───── Provided data

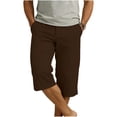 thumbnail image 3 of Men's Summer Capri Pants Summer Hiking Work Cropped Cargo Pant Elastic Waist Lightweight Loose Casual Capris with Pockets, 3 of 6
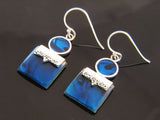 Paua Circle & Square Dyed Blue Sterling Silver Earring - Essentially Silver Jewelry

──────────
───── Provided data

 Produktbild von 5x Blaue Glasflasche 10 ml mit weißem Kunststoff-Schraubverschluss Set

──────────

[Action item] Though the entries above contain pictures, none should be copied; reproduce only the lines between the one holding "thumbnail image 3" and the one holding "Paua Circle &", inclusive, exactly as written.

[The answer]
 thumbnail image 3 of Men's Summer Capri Pants Summer Hiking Work Cropped Cargo Pant Elastic Waist Lightweight Loose Casual Capris with Pockets, 3 of 6
 Paua Circle & Square Dyed Blue Sterling Silver Earring - Essentially Silver Jewelry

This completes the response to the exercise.